In January 2026, Gladstone Gallery in Brussels will present an exhibition of new work by Seth Becker. The exhibition titled Skunks misery road is the first European presentation of the Hudson Valley-based artist. The installation will feature 15 new small-format painted works on wood panel, linked by the time and emotional intensity in which they were made. Created during a period of profound personal upheaval, these paintings reflect a chapter defined by grief, transformation, and interior reckoning—marking a shift in Becker’s relationship to painting and self.

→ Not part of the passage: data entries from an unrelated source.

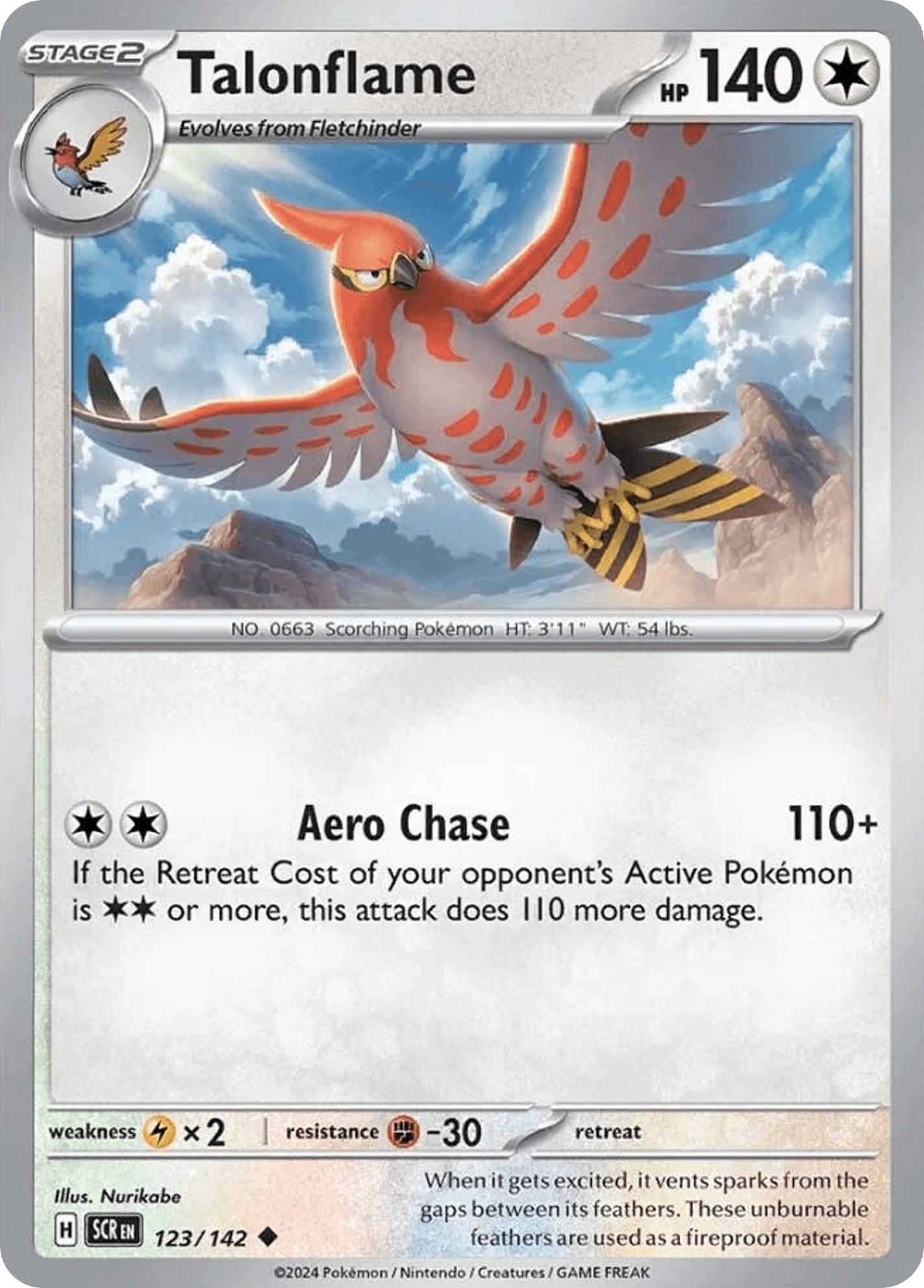 Talonflame, kortbilde fra pokemontcg.io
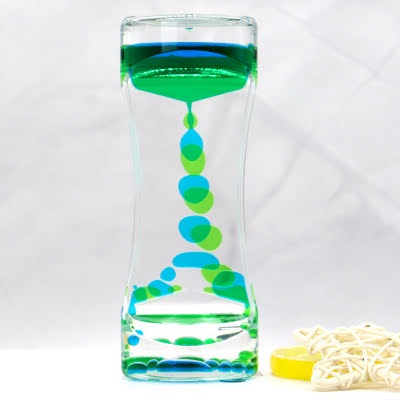 Monstermarketing Double Colors Oil Hourglass Liquid Floating Motion ...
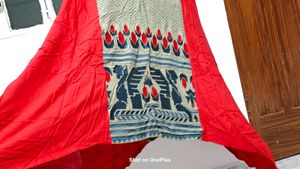 red grey navy dress
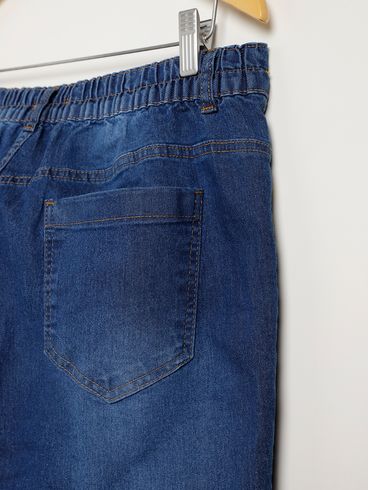 Calça Jeans Flare Plus Size Feminina AZUL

The title of the exhibition refers to Skunks misery road, a rural road in the Hudson Valley, the region where Becker has lived and worked for the past five years and served as the backdrop to the most fraught years of his life. Through these new works, the skunk becomes a strange, intimate symbol for a lost relationship, and for the instability and metamorphosis that grief demands.

Painted on salvaged barn wood sourced from across the Hudson Valley, the works embody Becker’s complex relationship with the region. The wood functions both as material and metaphor, freeing Becker of the labor of manipulating surface and instead letting the paint assert its own voice. The works include elements of collage and recurring motifs—stars falling to earth, skeletons, a nurse shark, anthropomorphized suns and moons, landscapes that shift from the terrestrial to the metaphysical—each painting emerging from the one before it.

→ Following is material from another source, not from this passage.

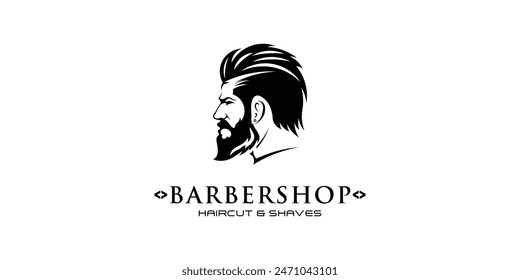 Creative hair cut logo ,barbershop logo, salon logo design ,premium vector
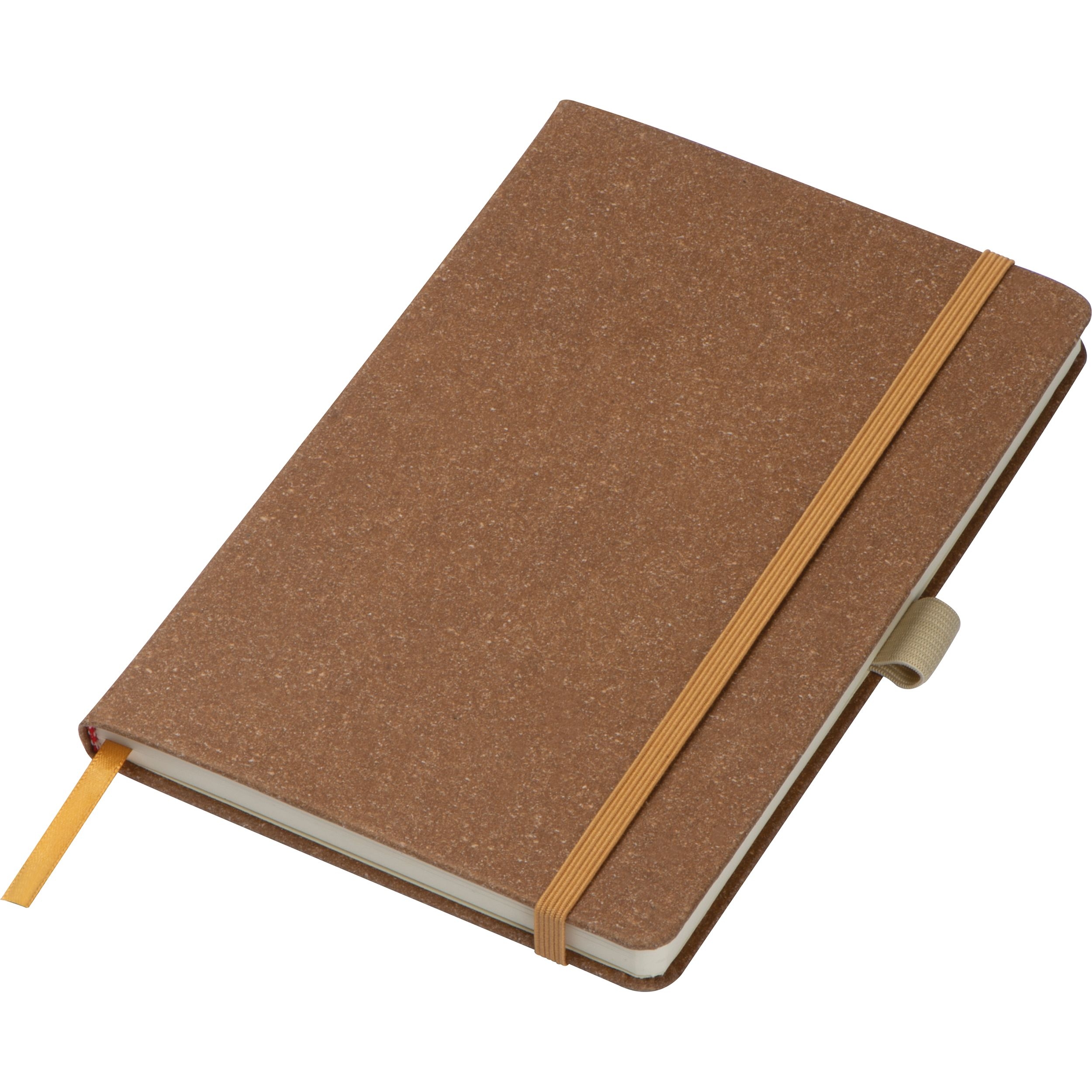 MA22746-01A5 Notizbuch mit recyceltem Ledereinband_ braun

Tender and macabre, humorous and spiritual, Becker’s approach resonates with his deep engagement with art history and his affinity for painters such as Ensor, Bruegel, Goya, Rembrandt, and Chardin, artists unafraid to preserve roughness of touch or emotional vulnerability. His paintings balance sentiment with sentimentality, leaning into wonder and seeking to preserve a way of looking at both the world and the natural environment that resists cynicism.

While the works arise from grief, Skunks misery road ultimately embodies transformation and looking forward: a process of letting go, and a painterly language built through sensation rather than message, reflecting Becker’s view of painting as an embodied practice shaped by material experiment and improvisation.